Please help guys...............!

I have a 360 Elite wired to a Belkin Router. I use my laptop to connect through same router wirelessly. Now I can connect to Xbox live perfectly but I cannot seem to find the laptop on the 360 so that I can stream music, pics etc to it. I have WMP11 installed and sharing on (laptop has found the 360) but the 360 just cannot find it.

This is driving me insane!

Please help.................................


----------



## dxj (Jul 31, 2007)

Are you running Windows Media Center?

I believe you need that as your OS to share.


----------



## fivetoes (Jan 22, 2007)

Have Windows Media 11 installed. 
Used to have 360 then got rid for a PS3 then swapped back for an Elite! (crazy I know). It used to work fine but now the 360 cannot find my laptop.........aarrghhhhhhhh!!!


----------



## ebackhus (Apr 21, 2005)

I haven't tried WMP 11 (I really don't like it!) but the Zune software does the job for me.


----------



## fivetoes (Jan 22, 2007)

Tried the Zune software and still nothing.

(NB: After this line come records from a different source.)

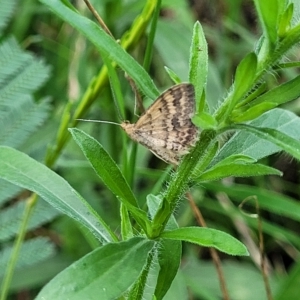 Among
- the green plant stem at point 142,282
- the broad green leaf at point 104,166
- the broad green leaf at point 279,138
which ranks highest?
the broad green leaf at point 279,138

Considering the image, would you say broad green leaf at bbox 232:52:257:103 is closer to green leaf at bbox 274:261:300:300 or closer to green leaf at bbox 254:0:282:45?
green leaf at bbox 254:0:282:45

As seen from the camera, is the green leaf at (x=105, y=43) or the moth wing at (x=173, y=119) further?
the green leaf at (x=105, y=43)

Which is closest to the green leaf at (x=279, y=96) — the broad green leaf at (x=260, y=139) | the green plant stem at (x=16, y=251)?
the broad green leaf at (x=260, y=139)

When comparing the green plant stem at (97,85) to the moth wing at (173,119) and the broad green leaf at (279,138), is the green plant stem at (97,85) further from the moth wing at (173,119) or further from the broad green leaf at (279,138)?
the broad green leaf at (279,138)

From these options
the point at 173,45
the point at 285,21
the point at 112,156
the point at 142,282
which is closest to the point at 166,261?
the point at 142,282

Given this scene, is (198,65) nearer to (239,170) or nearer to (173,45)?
(239,170)

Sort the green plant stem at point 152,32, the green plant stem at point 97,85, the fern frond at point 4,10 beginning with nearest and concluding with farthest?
1. the green plant stem at point 152,32
2. the green plant stem at point 97,85
3. the fern frond at point 4,10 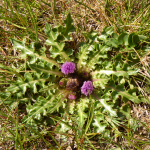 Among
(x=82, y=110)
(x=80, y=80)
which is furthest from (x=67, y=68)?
(x=82, y=110)

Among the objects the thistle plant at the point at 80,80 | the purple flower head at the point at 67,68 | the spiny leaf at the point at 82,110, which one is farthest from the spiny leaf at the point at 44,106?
the purple flower head at the point at 67,68

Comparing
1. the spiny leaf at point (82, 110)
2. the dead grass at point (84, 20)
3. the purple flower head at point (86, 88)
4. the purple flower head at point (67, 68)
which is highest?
the dead grass at point (84, 20)

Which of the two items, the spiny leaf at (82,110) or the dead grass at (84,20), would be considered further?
the dead grass at (84,20)

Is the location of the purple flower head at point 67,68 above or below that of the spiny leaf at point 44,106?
above

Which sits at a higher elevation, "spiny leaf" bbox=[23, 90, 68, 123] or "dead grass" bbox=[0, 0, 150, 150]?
"dead grass" bbox=[0, 0, 150, 150]

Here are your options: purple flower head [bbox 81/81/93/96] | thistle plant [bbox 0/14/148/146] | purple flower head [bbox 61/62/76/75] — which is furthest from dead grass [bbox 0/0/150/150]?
purple flower head [bbox 81/81/93/96]

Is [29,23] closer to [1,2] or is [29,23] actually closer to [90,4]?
[1,2]

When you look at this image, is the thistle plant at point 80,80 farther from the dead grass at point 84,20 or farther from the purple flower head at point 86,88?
the dead grass at point 84,20

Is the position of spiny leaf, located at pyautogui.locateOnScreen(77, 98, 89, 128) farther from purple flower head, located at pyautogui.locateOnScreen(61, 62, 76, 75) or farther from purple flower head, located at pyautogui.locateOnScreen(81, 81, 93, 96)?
purple flower head, located at pyautogui.locateOnScreen(61, 62, 76, 75)

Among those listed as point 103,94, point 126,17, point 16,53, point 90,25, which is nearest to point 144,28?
point 126,17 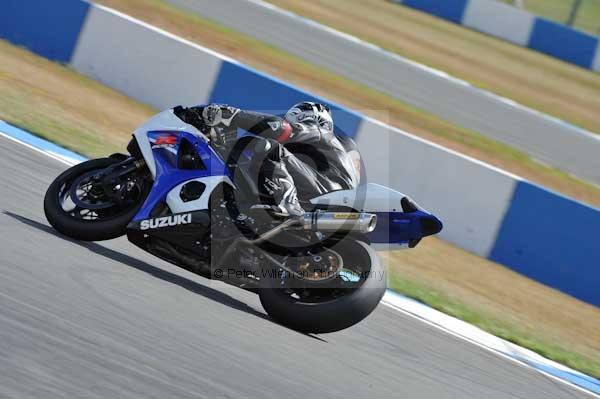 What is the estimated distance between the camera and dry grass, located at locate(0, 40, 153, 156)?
10.2 m

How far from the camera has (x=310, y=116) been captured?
20.1 feet

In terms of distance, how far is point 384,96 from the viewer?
679 inches

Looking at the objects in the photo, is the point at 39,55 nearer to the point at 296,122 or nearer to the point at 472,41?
the point at 296,122

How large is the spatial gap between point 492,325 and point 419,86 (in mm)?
10987

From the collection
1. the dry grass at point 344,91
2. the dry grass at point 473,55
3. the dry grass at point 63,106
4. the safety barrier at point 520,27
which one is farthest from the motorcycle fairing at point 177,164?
the safety barrier at point 520,27

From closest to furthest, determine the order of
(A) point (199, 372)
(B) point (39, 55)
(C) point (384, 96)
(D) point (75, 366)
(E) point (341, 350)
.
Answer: (D) point (75, 366) < (A) point (199, 372) < (E) point (341, 350) < (B) point (39, 55) < (C) point (384, 96)

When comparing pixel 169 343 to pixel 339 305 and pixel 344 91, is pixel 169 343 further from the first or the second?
pixel 344 91

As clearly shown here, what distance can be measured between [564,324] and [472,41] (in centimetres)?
1676

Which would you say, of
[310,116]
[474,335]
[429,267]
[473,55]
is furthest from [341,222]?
[473,55]

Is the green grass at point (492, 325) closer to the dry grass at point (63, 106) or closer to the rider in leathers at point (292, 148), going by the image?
the rider in leathers at point (292, 148)

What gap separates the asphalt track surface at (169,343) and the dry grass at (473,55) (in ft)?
46.1

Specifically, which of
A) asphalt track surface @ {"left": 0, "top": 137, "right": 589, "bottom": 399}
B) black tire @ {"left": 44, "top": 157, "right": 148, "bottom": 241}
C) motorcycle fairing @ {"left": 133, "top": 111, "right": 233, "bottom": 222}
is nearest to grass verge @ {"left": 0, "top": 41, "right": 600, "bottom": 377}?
asphalt track surface @ {"left": 0, "top": 137, "right": 589, "bottom": 399}

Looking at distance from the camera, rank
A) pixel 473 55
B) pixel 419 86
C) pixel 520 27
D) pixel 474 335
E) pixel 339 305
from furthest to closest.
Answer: pixel 520 27
pixel 473 55
pixel 419 86
pixel 474 335
pixel 339 305

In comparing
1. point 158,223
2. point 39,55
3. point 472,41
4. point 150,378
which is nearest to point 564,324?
point 158,223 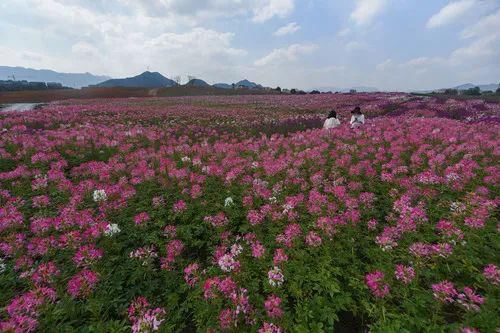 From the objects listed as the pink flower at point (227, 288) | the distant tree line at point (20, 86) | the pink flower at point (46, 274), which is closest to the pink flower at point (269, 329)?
the pink flower at point (227, 288)

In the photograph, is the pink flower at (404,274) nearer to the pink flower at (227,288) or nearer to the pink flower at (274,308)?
the pink flower at (274,308)

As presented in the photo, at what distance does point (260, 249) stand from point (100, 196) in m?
3.45

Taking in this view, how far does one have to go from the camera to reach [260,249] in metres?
3.55

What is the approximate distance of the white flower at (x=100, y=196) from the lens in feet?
16.7

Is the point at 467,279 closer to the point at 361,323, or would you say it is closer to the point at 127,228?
the point at 361,323

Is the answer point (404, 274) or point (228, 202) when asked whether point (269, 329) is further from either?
point (228, 202)

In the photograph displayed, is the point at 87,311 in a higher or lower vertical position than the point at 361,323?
higher

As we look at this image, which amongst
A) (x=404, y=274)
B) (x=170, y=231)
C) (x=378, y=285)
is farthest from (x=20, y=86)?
(x=404, y=274)

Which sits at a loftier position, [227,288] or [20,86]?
[20,86]

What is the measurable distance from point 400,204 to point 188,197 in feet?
12.9

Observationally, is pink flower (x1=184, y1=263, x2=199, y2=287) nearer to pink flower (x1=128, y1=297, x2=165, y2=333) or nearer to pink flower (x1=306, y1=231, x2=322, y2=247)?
pink flower (x1=128, y1=297, x2=165, y2=333)

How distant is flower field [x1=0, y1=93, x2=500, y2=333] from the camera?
295 cm

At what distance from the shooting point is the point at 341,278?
3801 mm

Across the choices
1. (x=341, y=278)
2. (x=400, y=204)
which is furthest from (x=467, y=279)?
(x=341, y=278) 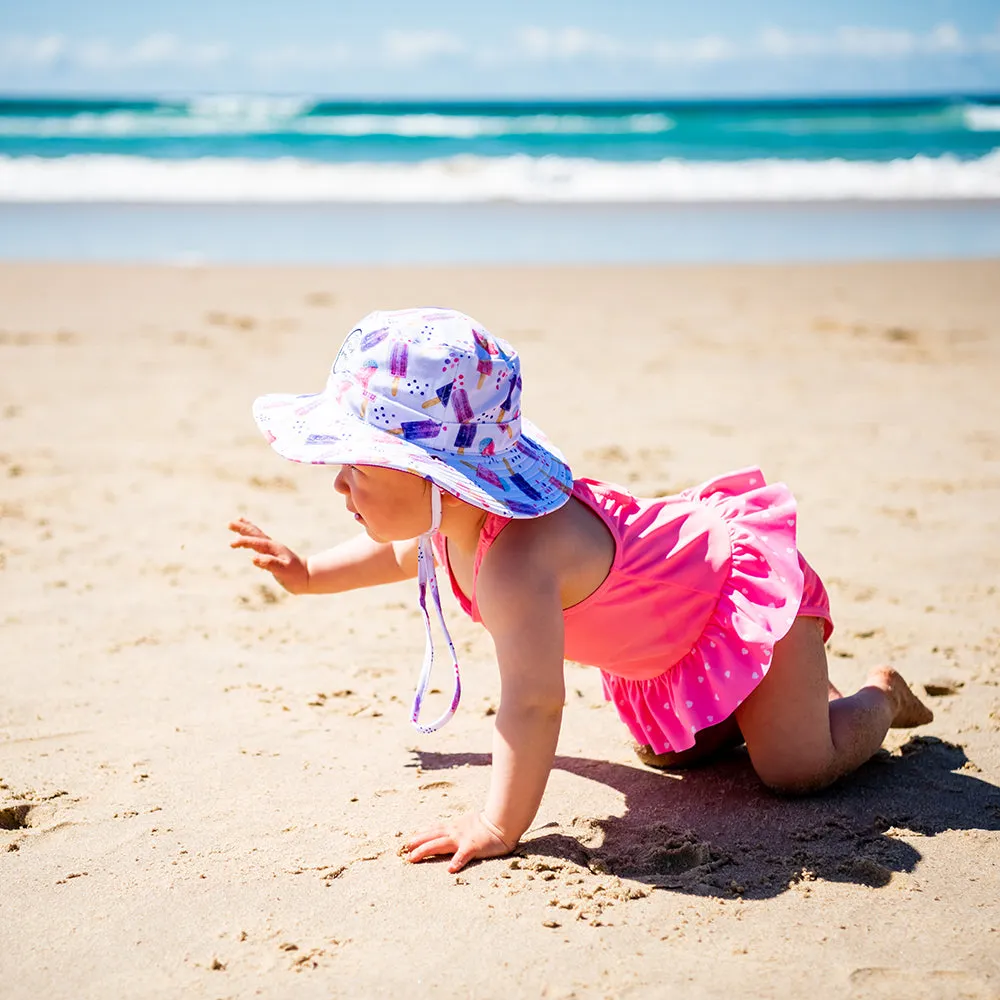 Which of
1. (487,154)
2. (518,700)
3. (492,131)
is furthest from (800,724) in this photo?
(492,131)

Any help will be much appreciated (before I place some C4 under both machines)!


----------



## unbrokenmirror (Jan 20, 2008)

see if you can help me here click link http://www.techsupportforum.com/f219/watch-live-tv-on-the-360-a-226373.html


----------



## Van Hel Singh (Jul 24, 2006)

You need to download the software on your laptop
www.xbox.com/pcsetup
Then search for another computer and your 360 should give you a code, which you must input into the laptops software setup screen.


----------



## nikeman (Oct 4, 2006)

do you have to download that software even if you have vista? I have done everything to get my 360 connected to the media center and it all works except the actual connecting part. Its all set up, with the 8 digit code they gave me, but when it tries to connect it says 

Your Xbox 360 has been disconnected because an application opened UI unexpectedly. Would you like to reconnect?

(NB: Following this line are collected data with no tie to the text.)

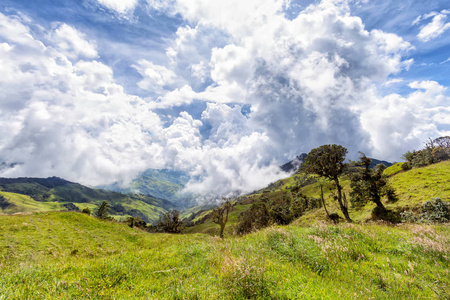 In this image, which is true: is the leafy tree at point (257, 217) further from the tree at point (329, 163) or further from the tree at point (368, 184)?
the tree at point (329, 163)

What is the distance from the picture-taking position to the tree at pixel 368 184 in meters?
33.6

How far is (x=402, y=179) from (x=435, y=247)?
2006 inches

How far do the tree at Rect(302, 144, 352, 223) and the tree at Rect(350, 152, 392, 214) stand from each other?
15.9 ft

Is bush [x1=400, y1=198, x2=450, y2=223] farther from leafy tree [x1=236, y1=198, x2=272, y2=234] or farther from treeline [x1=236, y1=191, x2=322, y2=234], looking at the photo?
leafy tree [x1=236, y1=198, x2=272, y2=234]

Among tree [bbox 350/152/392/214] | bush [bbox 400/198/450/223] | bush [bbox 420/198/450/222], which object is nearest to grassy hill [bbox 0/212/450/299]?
bush [bbox 400/198/450/223]

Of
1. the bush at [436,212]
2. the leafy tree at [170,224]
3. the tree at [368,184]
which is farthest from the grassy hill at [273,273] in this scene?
the leafy tree at [170,224]

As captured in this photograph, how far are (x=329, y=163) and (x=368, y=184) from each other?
807cm

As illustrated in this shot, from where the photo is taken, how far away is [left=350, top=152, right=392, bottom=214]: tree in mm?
33594

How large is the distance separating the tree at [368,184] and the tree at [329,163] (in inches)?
190

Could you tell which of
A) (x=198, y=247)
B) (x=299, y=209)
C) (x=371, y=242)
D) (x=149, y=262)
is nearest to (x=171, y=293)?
(x=149, y=262)

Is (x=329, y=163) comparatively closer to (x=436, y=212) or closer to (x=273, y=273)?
(x=436, y=212)

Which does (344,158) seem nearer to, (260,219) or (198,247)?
(198,247)

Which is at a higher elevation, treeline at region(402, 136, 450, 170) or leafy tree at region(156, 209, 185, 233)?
treeline at region(402, 136, 450, 170)

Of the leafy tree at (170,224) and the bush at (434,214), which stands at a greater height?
the bush at (434,214) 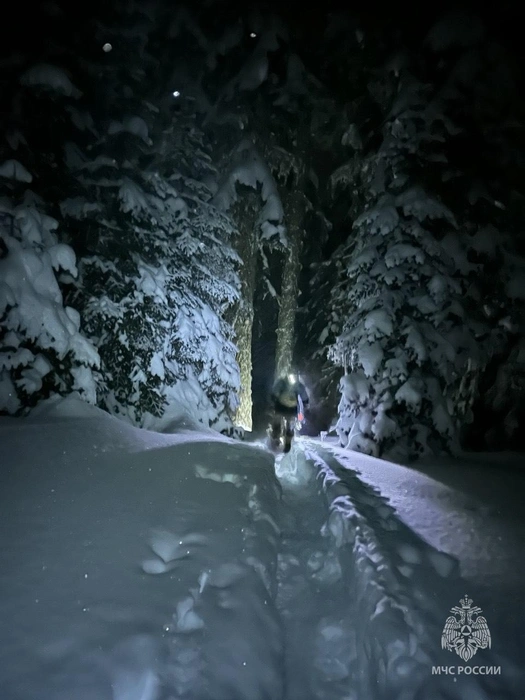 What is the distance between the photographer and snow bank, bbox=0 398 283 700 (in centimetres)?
249

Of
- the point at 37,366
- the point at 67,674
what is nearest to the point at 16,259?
the point at 37,366

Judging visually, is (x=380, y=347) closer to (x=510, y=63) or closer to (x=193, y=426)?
(x=193, y=426)

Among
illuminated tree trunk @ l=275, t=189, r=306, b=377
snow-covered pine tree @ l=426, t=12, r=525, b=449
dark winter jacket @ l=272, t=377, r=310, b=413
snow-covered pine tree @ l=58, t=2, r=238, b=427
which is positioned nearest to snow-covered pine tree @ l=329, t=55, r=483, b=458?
snow-covered pine tree @ l=426, t=12, r=525, b=449

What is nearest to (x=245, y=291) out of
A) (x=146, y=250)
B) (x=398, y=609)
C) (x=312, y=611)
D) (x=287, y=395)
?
(x=287, y=395)

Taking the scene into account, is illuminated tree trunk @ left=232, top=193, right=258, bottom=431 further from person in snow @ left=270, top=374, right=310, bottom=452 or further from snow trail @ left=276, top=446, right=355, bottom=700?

It says that over and over and has not once connected to media center. I see the computer on the 360 and I see the 360 on the computer but it wont connect to media center. When I look in the file log is mentions something about my router being the cause. I am able to connect to xbox live flawlessly and my router says it Xbox Live approved, so I don't know why it could cause this...


----------



## Aus_Karlos (Mar 10, 2007)

In WMP 11 go to Tools> Options a window will open. Click the Tab Library and press the button "Configure Sharing". Another window will open. 
Tick the box "Share my Media" and press ok.

For this next step make sure your Xbox is switched on and is connected to the network.

You may have to wait a while for your Xbox to appear in the list or refresh by re-opening the window again. The Xbox will be labeled, Xbox or Unknown device. Click the device/xbox when it appears and click "allow".

Now go to your Xbox and look under library, it may take some time to load but it should all be there. Its worked for my PS3..


----------



## she haunts me (Mar 11, 2008)

TVersity, and Winamp Remote are alternatives. TVersity is good and a friend of mine swears by Winamp Remote. The Zune software works as does the Media Center Extender (if you have Media Center on your PC.) Make sure you disable media sharing in WMP11 before attempting to stream with another program. If you can't get any of the mentioned programs running check your firewall settings and make sure the particular program is allowed. Hope that helps a little. Good luck. Hope it works out! :wink:


----------